Under the simplifying assumptions that you request one process per host, slurm will provide you with all the information you need in environment variables, specifically SLURM_PROCID, SLURM_NPROCS and SLURM_NODELIST.
For example, you can initialize your task index, the number of tasks and the nodelist as follows:
from hostlist import expand_hostlist
task_index = int( os.environ['SLURM_PROCID'] )
n_tasks = int( os.environ['SLURM_NPROCS'] )
tf_hostlist = [ ("%s:22222" % host) for host in
expand_hostlist( os.environ['SLURM_NODELIST']) ]
Note that slurm gives you a host list in its compressed format (e.g., "myhost[11-99]"), that you need to expand. I do that with module hostlist by Kent Engström, available here https://pypi.python.org/pypi/python-hostlist
At that point, you can go right ahead and create your TensorFlow cluster specification and server with the information you have available, e.g.:
cluster = tf.train.ClusterSpec( {"your_taskname" : tf_hostlist } )
server = tf.train.Server( cluster.as_cluster_def(),
job_name = "your_taskname",
task_index = task_index )
And you're set! You can now perform TensorFlow node placement on a specific host of your allocation with the usual syntax:
for idx in range(n_tasks):
with tf.device("/job:your_taskname/task:%d" % idx ):
...
A flaw with the code reported above is that all your jobs will instruct Tensorflow to install servers listening at fixed port 22222. If multiple such jobs happen to be scheduled to the same node, the second one will fail to listen to 22222.
A better solution is to let slurm reserve ports for each job. You need to bring your slurm administrator on board and ask him to configure slurm so it allows you to ask for ports with the --resv-ports option. In practice, this requires asking them to add a line like the following in their slurm.conf:
MpiParams=ports=15000-19999
Before you bug your slurm admin, check what options are already configured, e.g., with:
scontrol show config | grep MpiParams
If your site already uses an old version of OpenMPI, there's a chance an option like this is already in place.
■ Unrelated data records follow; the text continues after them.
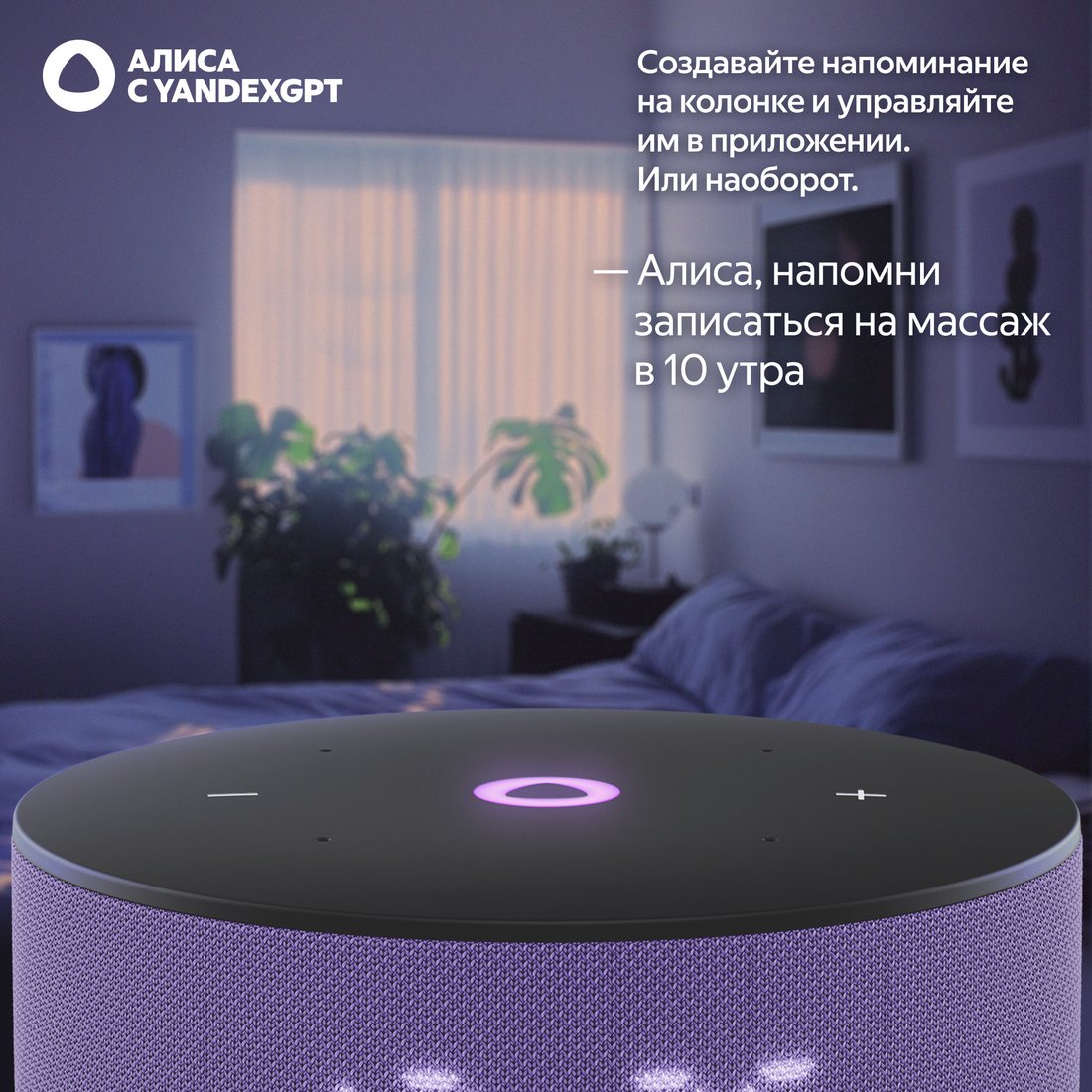 Умная колонка Яндекс Станция Мини 3 с часами (фиолетовый), фото 10
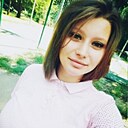 Лариса, 26 лет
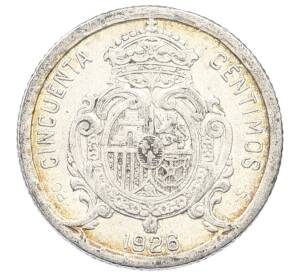 50 сентимо 1926 года Испания — Фото №2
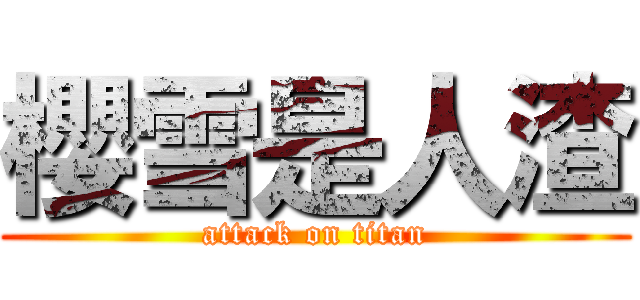 櫻雪是人渣 (attack on titan)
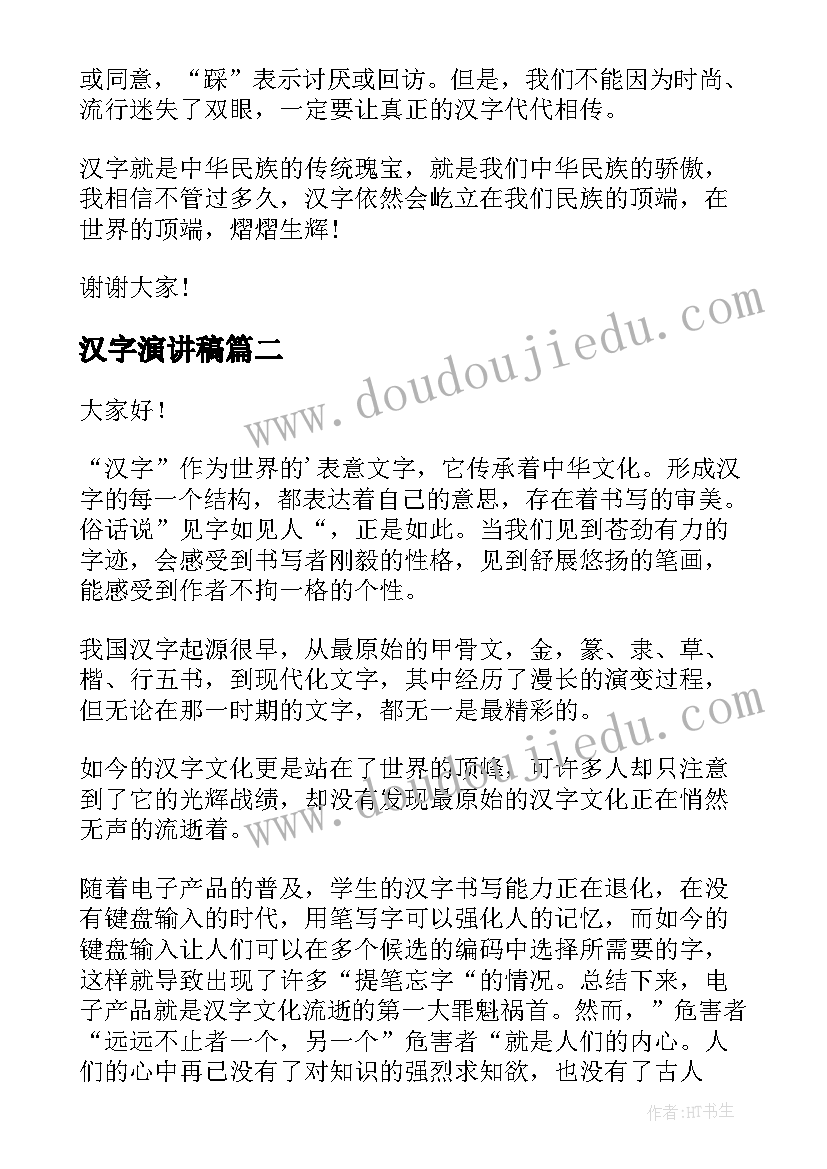 最新汉字演讲稿(实用10篇)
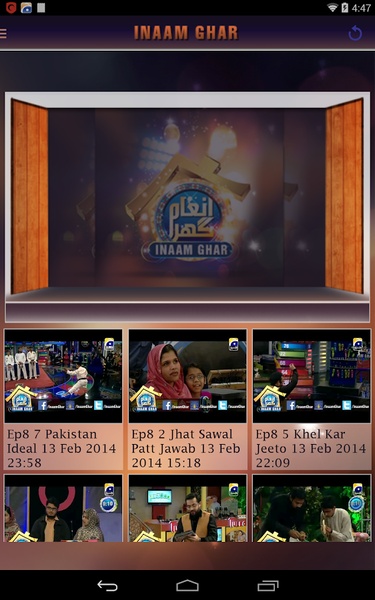 Inaam Ghar - Preview 2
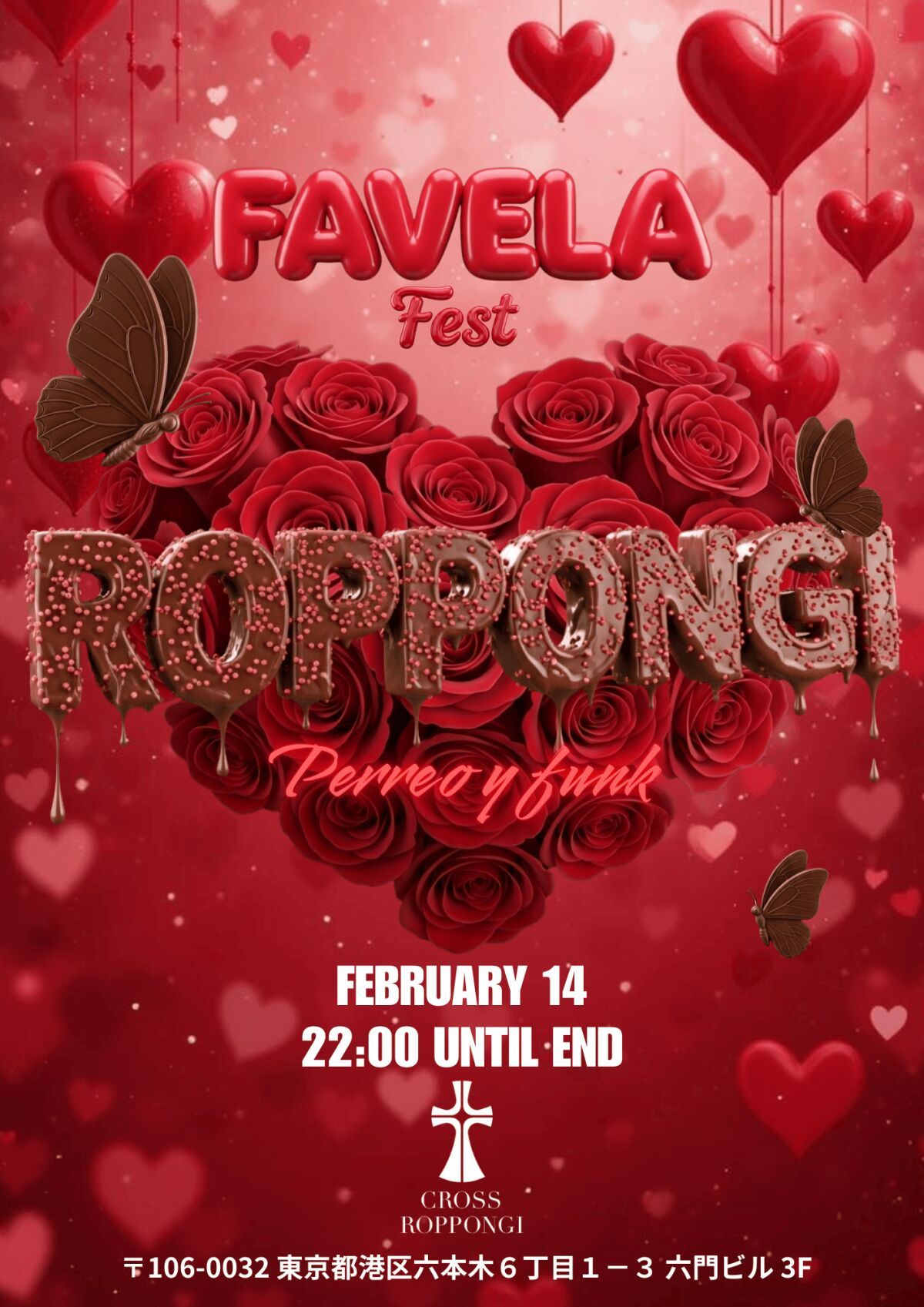FAVELA FEST 2026 FEB 14 CROSS ROPPONGI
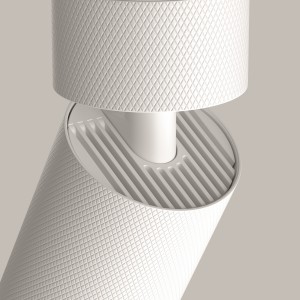 Потолочный светильник Technical C082CL-01-GU10-W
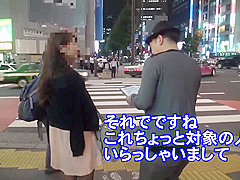 WA-270 Housewife Nampa Out Genuine Geese In Raw! B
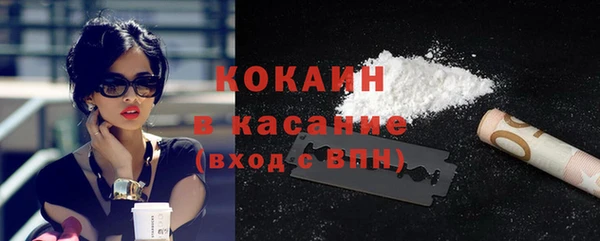 spice Навашино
Then, amend my first snippet of code as follows:
from hostlist import expand_hostlist
task_index = int( os.environ['SLURM_PROCID'] )
n_tasks = int( os.environ['SLURM_NPROCS'] )
port = int( os.environ['SLURM_STEP_RESV_PORTS'].split('-')[0] )
tf_hostlist = [ ("%s:%s" % (host,port)) for host in
expand_hostlist( os.environ['SLURM_NODELIST']) ]
Good luck!